When this drill began, I had 141 days (Feb 10 to June 30) to select a graduate law school (that would accept me), get approval from the Army and move my family and worldly possessions from Germany back to somewhere in the US and be enrolled in the law school.  Did I mention finding a place to live?  And, I waited to hear from Stanford.  Did I mention that I’m a Type A?

By Friday, March 7, I decided to call Dean Robinson.  I waited till 5:00 PM, which would be 9:00 AM in California.  Dean Robinson’s secretary told me he was on the East Coast and gave me the number.  I ended up talking to Dean Robinson at noontime in Cambridge, Massachusetts.  He apologized for not responding and told me I had been approved to come to Stanford.  They didn’t have a graduate criminal law program, but they would set me up with a criminal law professor and we could put a program together.  He assured me he would send a letter to me quickly.  I thanked him and hung up.  I looked at my wife, Carole, and said dejectedly, “Honey, we’re going to Northwestern.”  I really wanted to go to Stanford, but in the area of a graduate level criminal law program, Northwestern won hands down.  I would never become a California golden boy.

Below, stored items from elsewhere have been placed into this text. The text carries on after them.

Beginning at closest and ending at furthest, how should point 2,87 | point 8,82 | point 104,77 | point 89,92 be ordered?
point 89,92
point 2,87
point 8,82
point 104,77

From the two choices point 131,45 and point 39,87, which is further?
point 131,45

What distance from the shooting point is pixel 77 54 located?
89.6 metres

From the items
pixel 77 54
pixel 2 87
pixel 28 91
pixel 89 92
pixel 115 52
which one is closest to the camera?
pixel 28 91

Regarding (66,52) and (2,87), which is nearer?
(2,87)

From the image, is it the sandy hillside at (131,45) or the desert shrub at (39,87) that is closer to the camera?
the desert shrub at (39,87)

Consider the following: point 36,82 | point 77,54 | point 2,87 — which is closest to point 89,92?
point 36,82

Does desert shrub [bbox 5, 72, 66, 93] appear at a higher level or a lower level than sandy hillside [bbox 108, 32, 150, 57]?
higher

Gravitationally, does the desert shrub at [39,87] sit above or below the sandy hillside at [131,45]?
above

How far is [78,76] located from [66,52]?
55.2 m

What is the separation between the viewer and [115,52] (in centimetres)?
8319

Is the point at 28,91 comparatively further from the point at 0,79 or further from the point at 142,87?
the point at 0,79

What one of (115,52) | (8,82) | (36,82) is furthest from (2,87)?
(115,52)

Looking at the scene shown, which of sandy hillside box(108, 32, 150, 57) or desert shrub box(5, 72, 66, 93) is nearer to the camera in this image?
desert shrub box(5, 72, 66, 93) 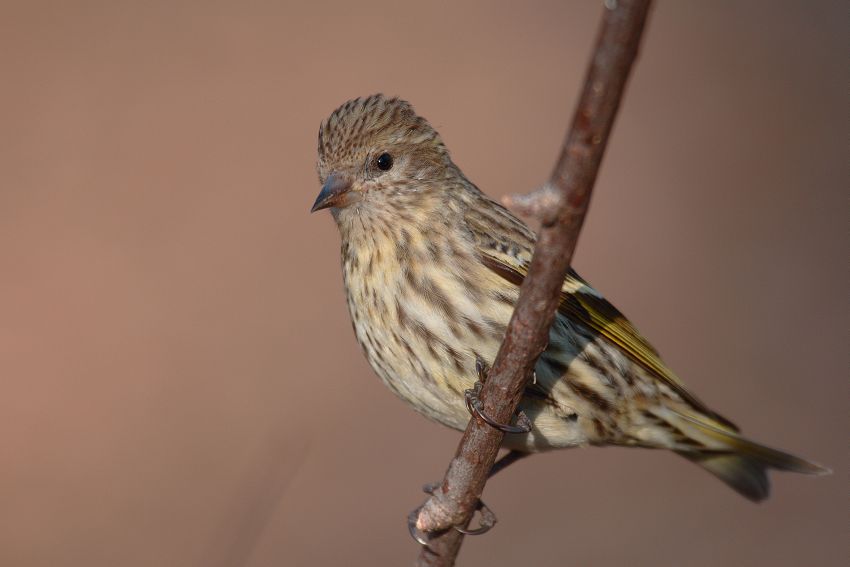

After reading through this blog, I realize the only thing whimsical was getting into the graduate program.  My selection of Northwestern was probably the right choice for me and I took the necessary steps to get there.  It gave me a chance to work with Professors Fred Inbau, Bill Martin and Jim Haddad.  Today, with the internet, I could have done all my research on line and made a much more informed decision in one-tenth of the time.  But in 1969, in Goeppingen,  Germany, with the clock running, we did what we had to do.  Auf Wiedersehen.